Generation and Evolution Of Transform-Ridge Interaction and Behavior on Earth

Surface of the Earth is divided into a jigsaw of plates that move relative to each other. While surface tectonics and mechanics of the plate processes influence the mantle dynamics, the deep mantle forces in the interior of the Earth are at the origin of its tectonic manifestations at the surface. Coupling Earth mantle dynamics with its surface response is critical for understanding of some fundamental features on Earth such as sea level change over time or postglacial rebound. Plate tectonics is a key process in linking the deep Earth to its surface. The theory of plate tectonics is successful in explaining multiple geophysical and geological phenomena. Yet, the fundamental scientific questions about the mechanics of plate tectonics and formation of new plate boundaries is still largely debated and remain unresolved. The goals of this project are to unravel how the interaction between the deep forces and lithospheric mantle shape the evolution of plate tectonics and to explain how new plate boundaries are generated in global context taking into account surface and deep forces within the mantle. To quantify the conditions under which the new plate boundaries are formed and characterize their long-term evolution, the fellow used the state-of-the-art numerical models. The synthetic results obtained using high resolution massively parallel numerical code StagYY were confronted with data retrieved from plate tectonic reconstructions.

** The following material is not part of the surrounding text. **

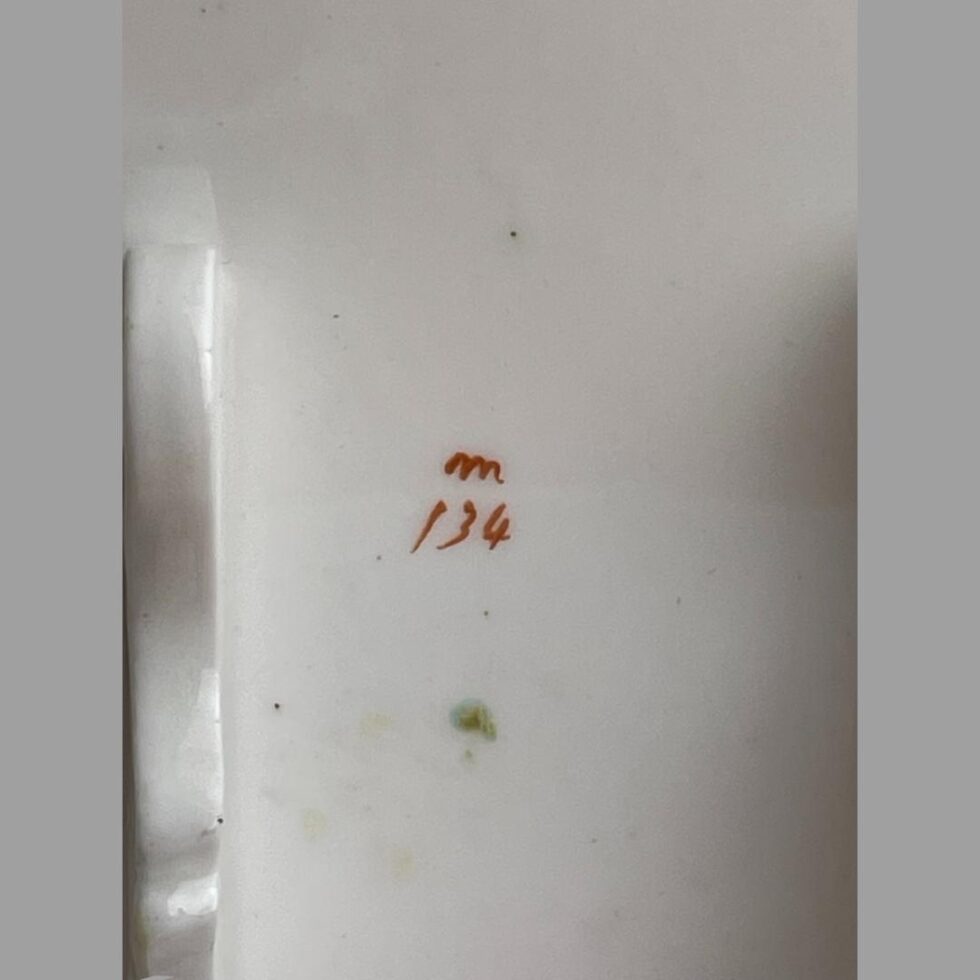 Close up photo of the m134 mark in red on the back of one of the porcelain pictures.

This project relied heavily on high resolution, massively parallel, state-of-the-art numerical simulations of mantle convection with plate-like surface. The numerical models were used to understand how plate boundaries form and how they evolve in time. The numerous aspects of plate tectonics were addressed and diverse tectonic settings were explored including rifting in divergent setting, birth of new subduction zones in convergent setting, and connection of mid ocean ridges with shear plate boundaries in extensional setting. A study deciphering the dynamics of rifting was published in Geophysical Research Letters journal. The work unravels for the first time four distinct phases of rifting: an initially slow phase, a speed-up phase featuring an abrupt increase of extension rate, the breakup phase with formation of new ocean basin, and a deceleration phase where extensional velocities decrease. The speed-up during rifting can trigger the formation of new plate boundaries elsewhere on Earth, even at large distances to the rift. This work illustrated new links between local rift dynamics, plate motions, and subduction kinematics during times of continental separation.

The work further focused on the locations of new subduction initiation to answer questions such as where new subduction zones preferentially form, where they endure and where they stop living. A study that predicts locations of new subduction zones was published in the Earth and Planetary Science Letters. The models showed that the position of subduction initiation is largely controlled by the strength of the lithosphere and by the length of continental margins. The results of the models were confronted with subduction histories retrieved from plate tectonic reconstructions. Both approaches agree that subduction initiation on Earth is not a random process within the oceans, and more subduction zones stop and die in the vicinity of continental margins compared to subduction initiation. The models also suggest that intra-oceanic subduction initiation is more prevalent during times of supercontinent assembly (e.g. Pangea 220 My ago) compared to more recent continental dispersal.

One of the least understood plate boundaries on Earth are transform faults where two tectonic plates slide past each another. The work analyzed the influence of free deformable surface on the formation of detachment faults and transform boundaries. Advanced numerical methods were implemented and new rheology was developed in the convection code to assess the influence of localization of deformation on plate boundary formation. The models showed that lithospheric strength and deformation history play a key role on the surface tectonics and controls the formation of new shear plate boundaries.

Studying surface tectonics in the global convection models is a state-of-the-art research direction. During the fellowship, the researcher designed and run cutting-edge 2D and 3D fully spherical high resolution massively parallel numerical models to further unravel the fundamental mechanisms lying behind the plate tectonic processes. In addition to numerical modelling, the fellow performed an analysis of geological observations and geophysical data contained in the plate reconstructions. A new approach of combining information from plate tectonic reconstructions with synthetic data from numerical simulations was developed. The results of this project have important implications for our knowledge on how plate boundaries operate on Earth. The project provides guidance to the geodynamics community as well as tectonics/geology/seismology communities and fill an important gap in understanding how large-scale dynamics shapes the Earth’s surface.